DATA PROVIDED Block Start

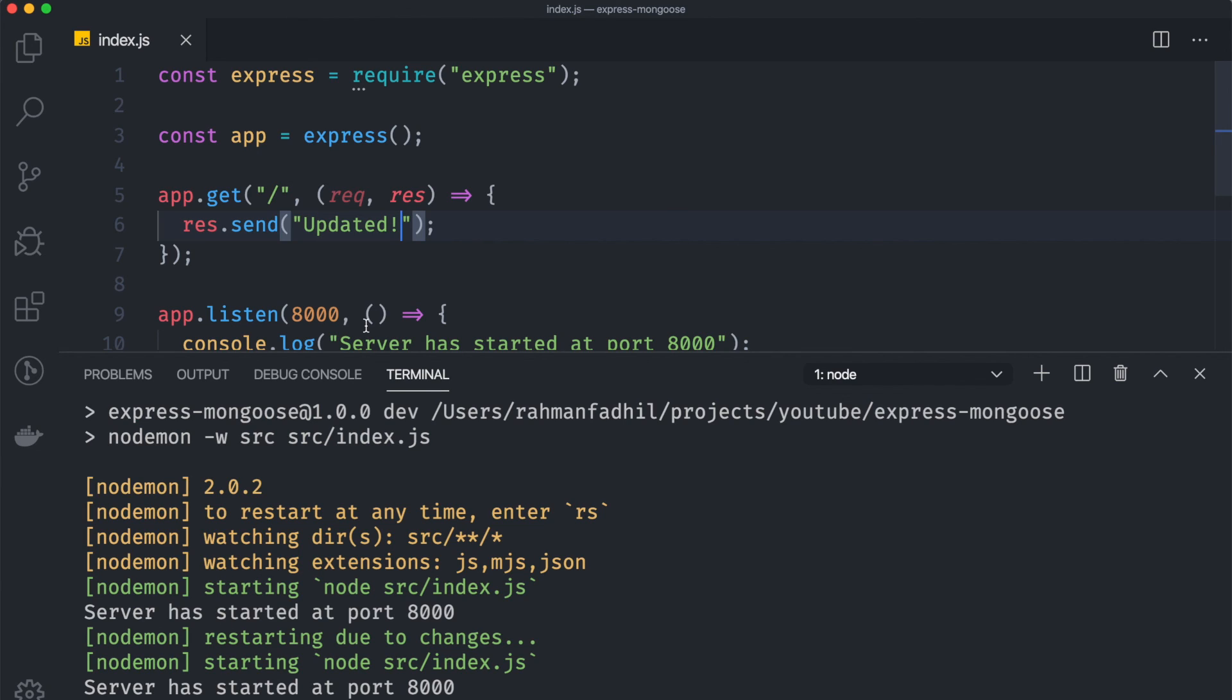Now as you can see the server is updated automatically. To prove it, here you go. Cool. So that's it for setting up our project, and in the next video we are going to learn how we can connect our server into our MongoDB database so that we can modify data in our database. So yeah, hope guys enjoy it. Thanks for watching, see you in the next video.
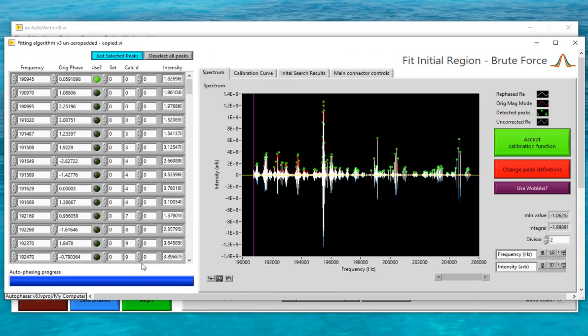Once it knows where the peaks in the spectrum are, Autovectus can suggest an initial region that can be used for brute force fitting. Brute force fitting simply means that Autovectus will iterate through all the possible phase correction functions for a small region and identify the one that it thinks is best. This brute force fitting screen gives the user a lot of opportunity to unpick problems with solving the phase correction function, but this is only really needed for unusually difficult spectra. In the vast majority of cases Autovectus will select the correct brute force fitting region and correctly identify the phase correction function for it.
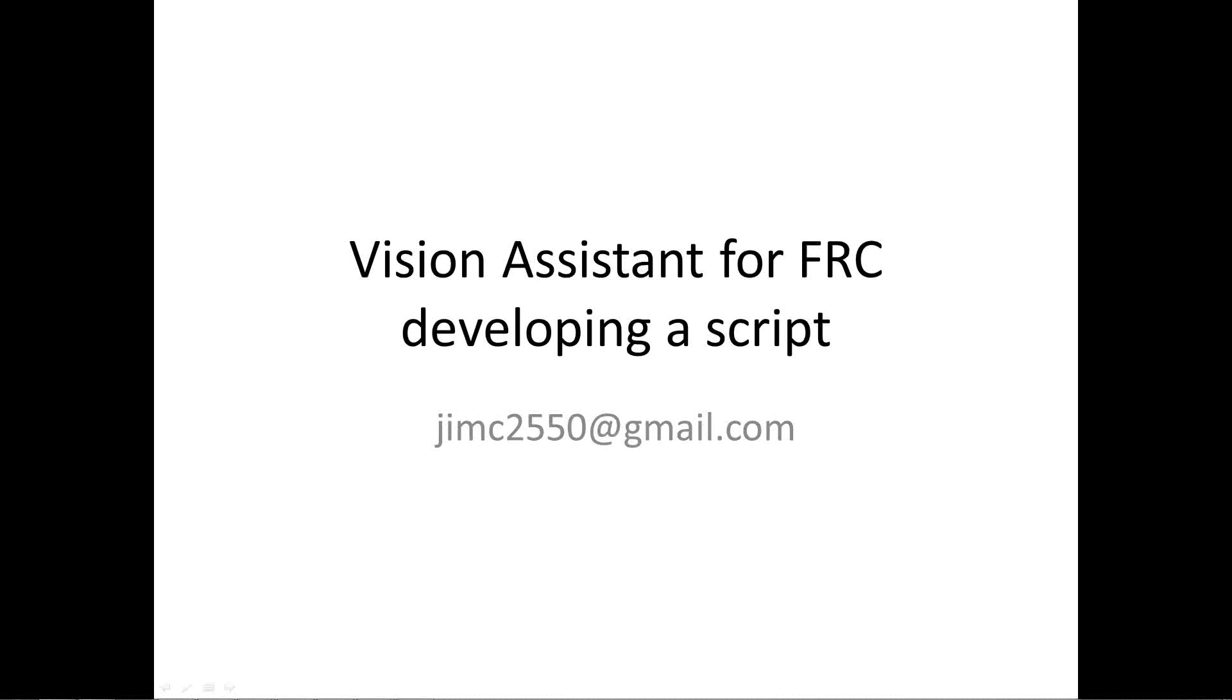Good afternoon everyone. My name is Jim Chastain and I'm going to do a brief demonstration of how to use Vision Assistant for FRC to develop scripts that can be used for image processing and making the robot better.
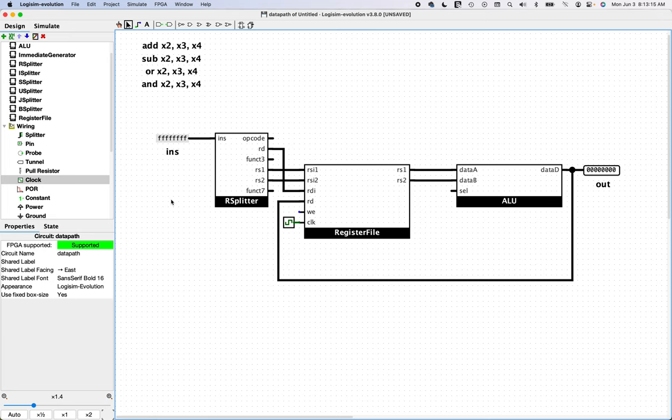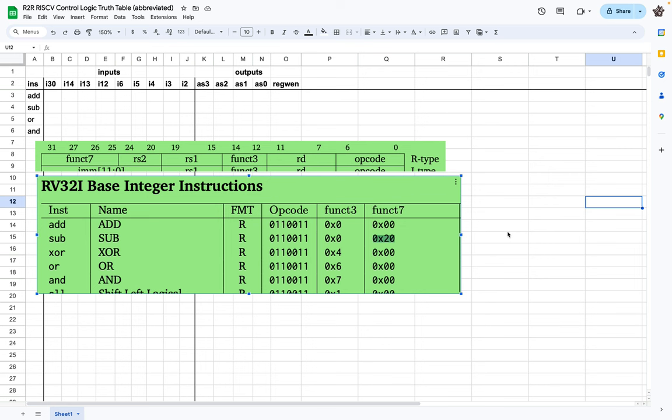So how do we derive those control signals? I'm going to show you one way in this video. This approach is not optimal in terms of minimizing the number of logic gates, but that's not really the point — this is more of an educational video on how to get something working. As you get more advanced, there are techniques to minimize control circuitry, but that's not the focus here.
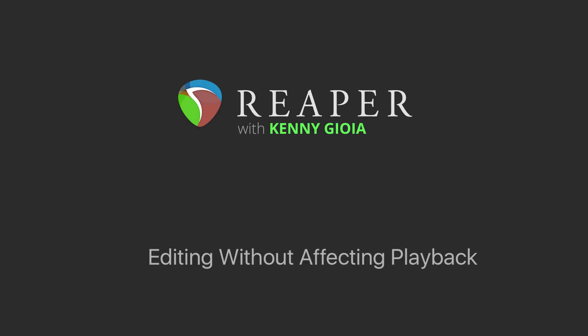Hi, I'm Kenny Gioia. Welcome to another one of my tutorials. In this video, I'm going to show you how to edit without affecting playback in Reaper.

DATA PROVIDED Block End

With the pictures left out, give again exactly the lines from the one with "Good afternoon everyone." through the end of the data, both included.

RESPONSE BOX:
Good afternoon everyone. My name is Jim Chastain and I'm going to do a brief demonstration of how to use Vision Assistant for FRC to develop scripts that can be used for image processing and making the robot better.
So how do we derive those control signals? I'm going to show you one way in this video. This approach is not optimal in terms of minimizing the number of logic gates, but that's not really the point — this is more of an educational video on how to get something working. As you get more advanced, there are techniques to minimize control circuitry, but that's not the focus here.
Hi, I'm Kenny Gioia. Welcome to another one of my tutorials. In this video, I'm going to show you how to edit without affecting playback in Reaper.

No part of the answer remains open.